Par ailleurs, n’oublions pas les dommages irréparables causés à l’environnement par l’actuel chantier de construction du barrage de Belo Monte dans l’Etat du Pará. Cet ouvrage est appelé à devenir le troisième plus grand barrage du monde en mesure de fournir, d’ici 2019, 11% de l’énergie électrique consommée au Brésil. La mobilisation des Indiens chassés de leurs terres et les recours en justice ayant interrompu les travaux à plusieurs reprises apparaissent bien loin des exigences d’un développement durable. Il est indispensable de rappeler que les forêts humides ne sont pas seulement des réservoirs de biodiversité et de carbone mais qu’elles contribuent aussi largement à alimenter en pluie les régions tropicales.
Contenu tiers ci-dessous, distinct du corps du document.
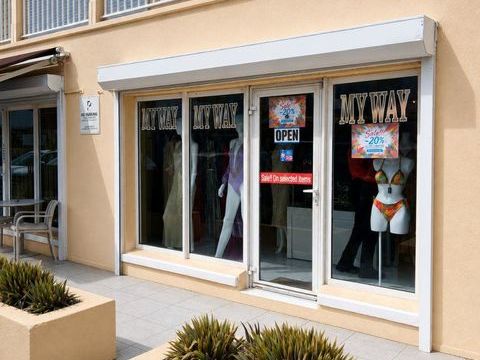 Vente Boutique/Local commercial 400 m&sup2; 49100 97150 Saint-martin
La construction du barrage de Belo Monte, le premier d’une série d’autres barrages sur les cours d’eau amazoniens, risque donc de remettre en question les activités agricoles du bassin amazonien qui génèrent actuellement environ 15 milliards de dollars par an, selon l’institut géographique et statistique brésilien, mais également d’affecter le débit des fleuves et donc l’efficacité des mêmes barrages hydroélectriques.

La recherche d’un équilibre aux différentes échelles s’avère donc indispensable à l’application d’une politique de développement durable qui nécessite, dans le cas de l’Amazonie, « de ne pas baisser la garde » pour reprendre les propos de Paulo Moutinho, le responsable de l’Institut de recherche amazonienne.